** What is required **
The answer must be only the lines below from the one holding "Das Steinschild zeigt" down to the one holding "Foto mostra dois", ends included, printed exactly; please omit all pictures.

** Data extracts **

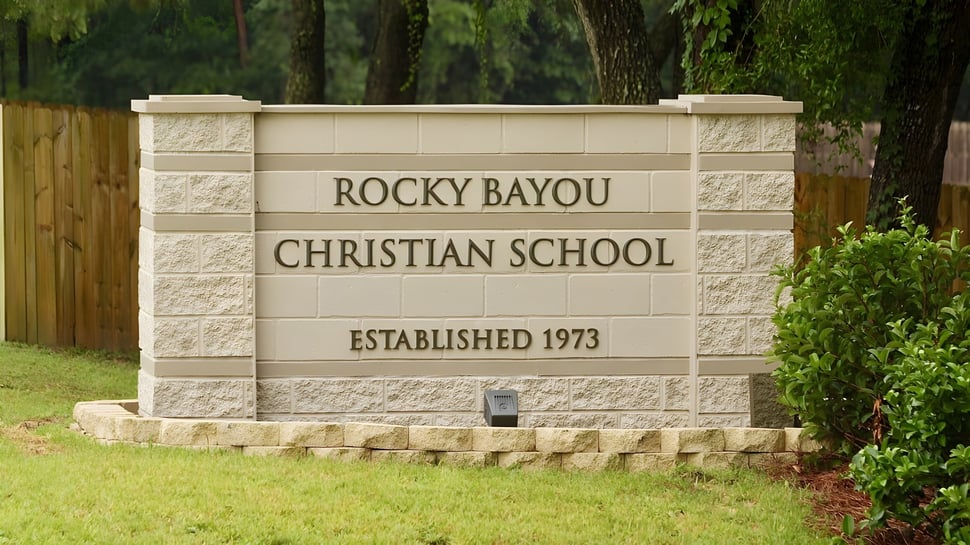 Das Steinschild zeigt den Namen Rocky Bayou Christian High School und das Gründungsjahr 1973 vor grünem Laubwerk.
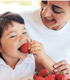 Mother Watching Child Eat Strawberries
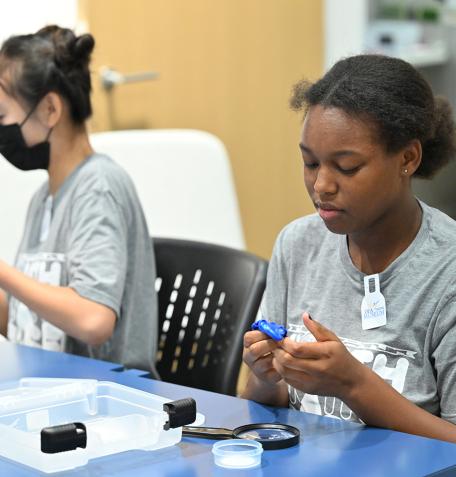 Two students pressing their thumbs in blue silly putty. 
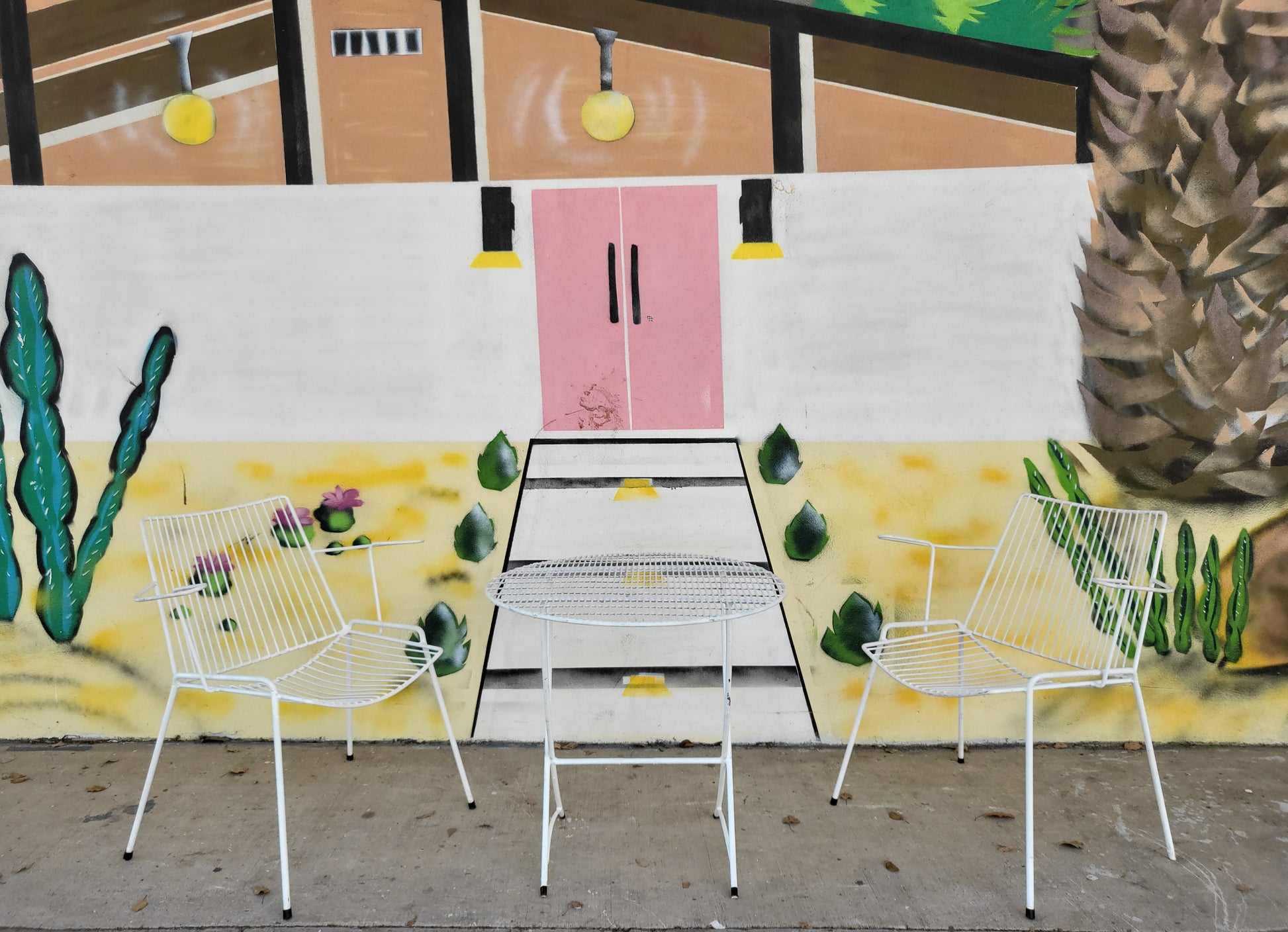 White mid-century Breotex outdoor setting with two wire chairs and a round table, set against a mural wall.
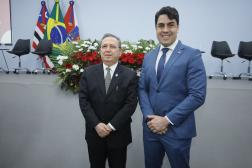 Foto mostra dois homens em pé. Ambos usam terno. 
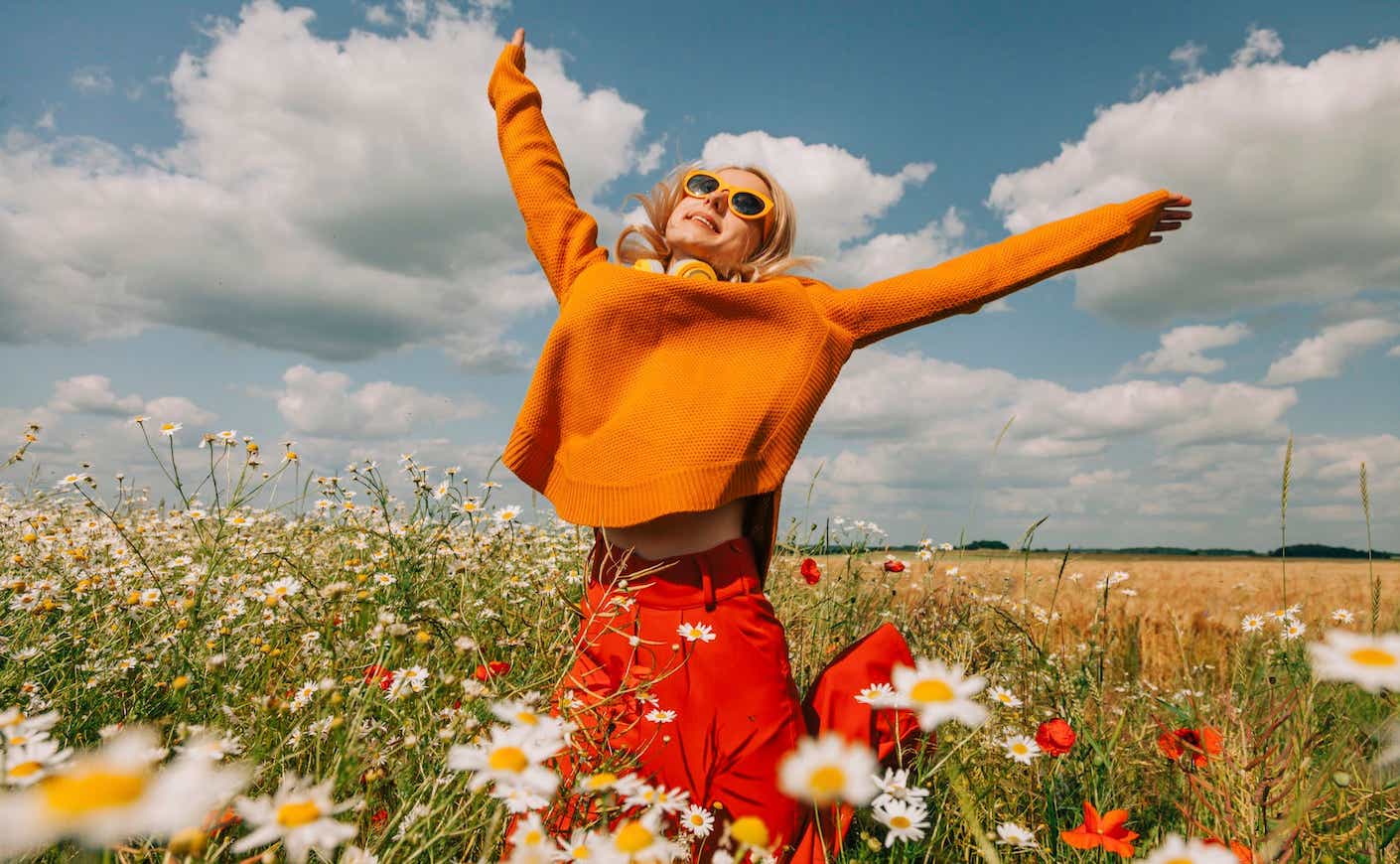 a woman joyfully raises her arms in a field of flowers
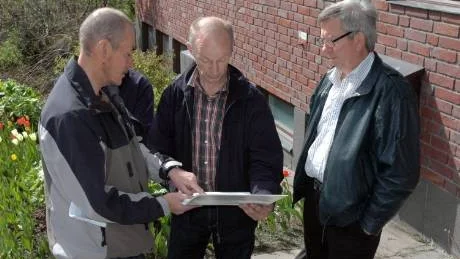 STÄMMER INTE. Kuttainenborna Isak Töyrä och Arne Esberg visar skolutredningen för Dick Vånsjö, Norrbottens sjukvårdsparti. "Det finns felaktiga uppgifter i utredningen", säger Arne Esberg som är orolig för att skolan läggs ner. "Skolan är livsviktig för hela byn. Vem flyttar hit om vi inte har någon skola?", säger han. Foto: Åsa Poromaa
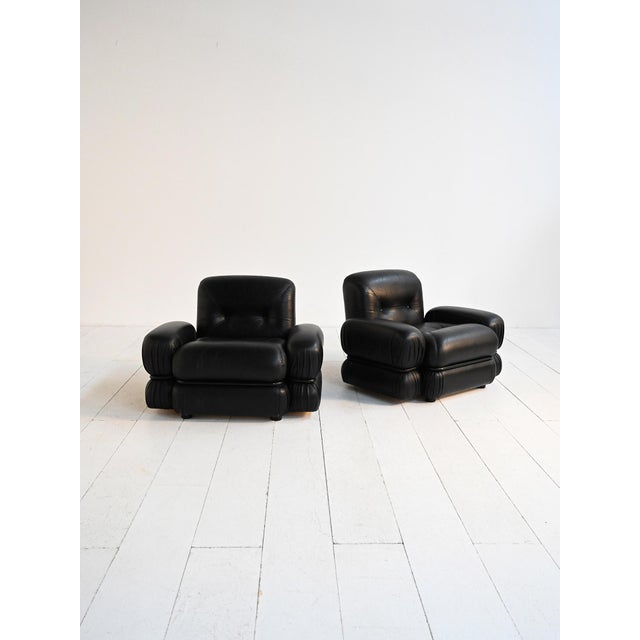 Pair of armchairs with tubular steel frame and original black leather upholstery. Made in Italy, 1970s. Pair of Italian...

---

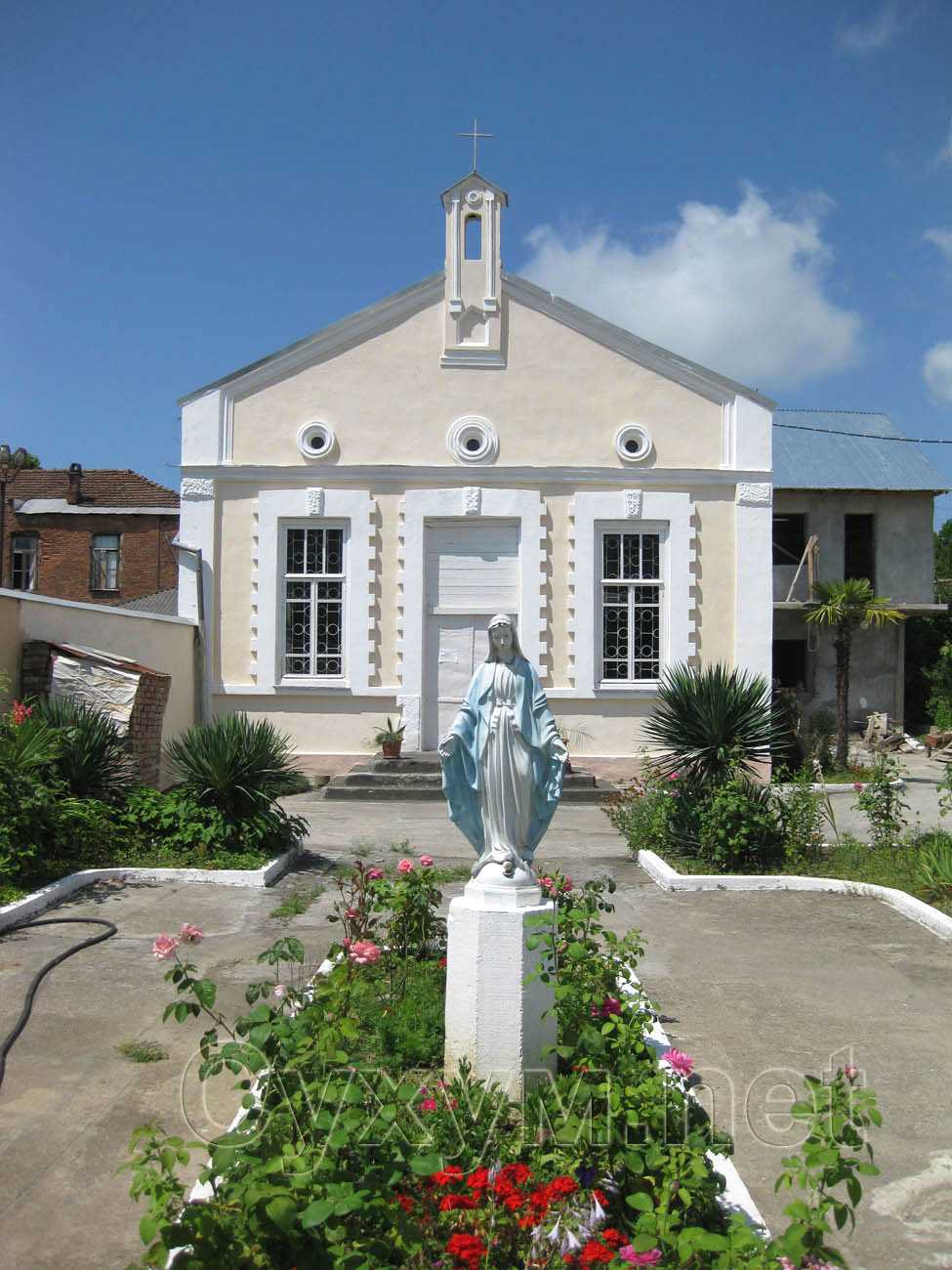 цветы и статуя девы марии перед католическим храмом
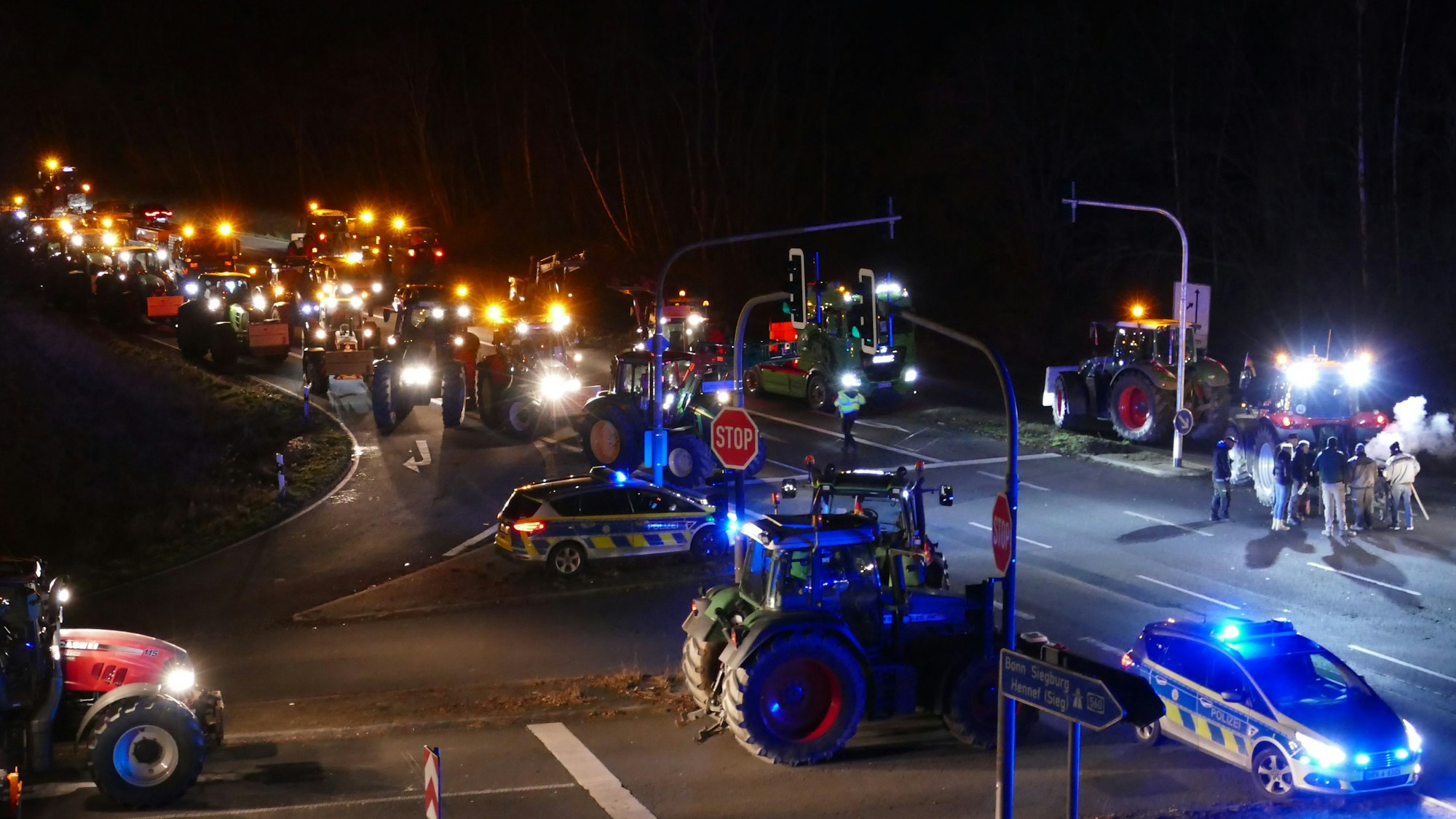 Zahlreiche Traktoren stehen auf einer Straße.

** Task output **
 Das Steinschild zeigt den Namen Rocky Bayou Christian High School und das Gründungsjahr 1973 vor grünem Laubwerk.
 Mother Watching Child Eat Strawberries
 Two students pressing their thumbs in blue silly putty. 
 White mid-century Breotex outdoor setting with two wire chairs and a round table, set against a mural wall.
 Foto mostra dois homens em pé. Ambos usam terno. 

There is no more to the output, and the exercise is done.